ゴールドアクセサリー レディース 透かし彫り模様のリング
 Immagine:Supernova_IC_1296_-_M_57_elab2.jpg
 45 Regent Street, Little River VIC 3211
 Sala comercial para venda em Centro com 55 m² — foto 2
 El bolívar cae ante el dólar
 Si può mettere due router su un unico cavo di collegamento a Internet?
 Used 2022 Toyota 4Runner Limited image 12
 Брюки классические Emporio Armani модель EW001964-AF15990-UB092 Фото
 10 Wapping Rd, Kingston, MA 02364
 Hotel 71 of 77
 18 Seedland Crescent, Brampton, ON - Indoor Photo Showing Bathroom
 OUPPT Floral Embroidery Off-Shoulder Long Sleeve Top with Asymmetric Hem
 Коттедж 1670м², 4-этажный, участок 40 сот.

==========

• Task statement: Each record above must be output without any alteration.

• Solution for this task:
ゴールドアクセサリー レディース 透かし彫り模様のリング
 Immagine:Supernova_IC_1296_-_M_57_elab2.jpg
 45 Regent Street, Little River VIC 3211
 Sala comercial para venda em Centro com 55 m² — foto 2
 El bolívar cae ante el dólar
 Si può mettere due router su un unico cavo di collegamento a Internet?
 Used 2022 Toyota 4Runner Limited image 12
 Брюки классические Emporio Armani модель EW001964-AF15990-UB092 Фото
 10 Wapping Rd, Kingston, MA 02364
 Hotel 71 of 77
 18 Seedland Crescent, Brampton, ON - Indoor Photo Showing Bathroom
 OUPPT Floral Embroidery Off-Shoulder Long Sleeve Top with Asymmetric Hem
 Коттедж 1670м², 4-этажный, участок 40 сот.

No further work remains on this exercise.